Well, except for all the stuff about how not having enough work is stressful.

------
cpncrunch
A good explanation of this is the Job Demands Model of Burnout:

[http://www.researchgate.net/publication/11920243_The_job_dem...](http://www.researchgate.net/publication/11920243_The_job_demands-
resources_model_of_burnout/file/9fcfd5062e0a181c1d.pdf)

In summary, you will suffer from burnout if you have high job demands (i.e.
high workload) and low resources (i.e. support from management, etc.)
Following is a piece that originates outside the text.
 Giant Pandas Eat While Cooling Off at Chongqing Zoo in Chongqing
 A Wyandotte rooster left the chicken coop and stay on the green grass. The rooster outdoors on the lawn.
Having suffered from severe burnout (and subsequent chronic fatigue syndrome),
I can definitely say that boredom at work and lack of motivation in work is a
large factor in triggering burnout. Emotional conflicts at home/work also
contribute to burnout. In my case it was a combination of these factors that
resulted in burnout/CFS.

In my own case the burnout was actually useful, as it prompted me to leave
boring crappy contract jobs and concentrate on building my own business.

------
MAGZine
Kelly McGonigal, cited in the article, actually did a TED talk[0] on managing
stress. I watched it last year during finals and found it gave me some extra
techniques for dealing with stress. A good watch, to be certain.

[0]
[http://www.ted.com/talks/kelly_mcgonigal_how_to_make_stress_...](http://www.ted.com/talks/kelly_mcgonigal_how_to_make_stress_your_friend?language=en)

------
mattxxx
Stress can be useful, if you use it correctly.

Even simply being put in a stressful situation, and then thinking "why is this
stressful?" or "what in this system is causing stress?" can be useful. This
can really motivate positive life changes.

------
jeffreyrogers
This reminds me a lot of Nassim Taleb's thinking in the book _Antifragile_.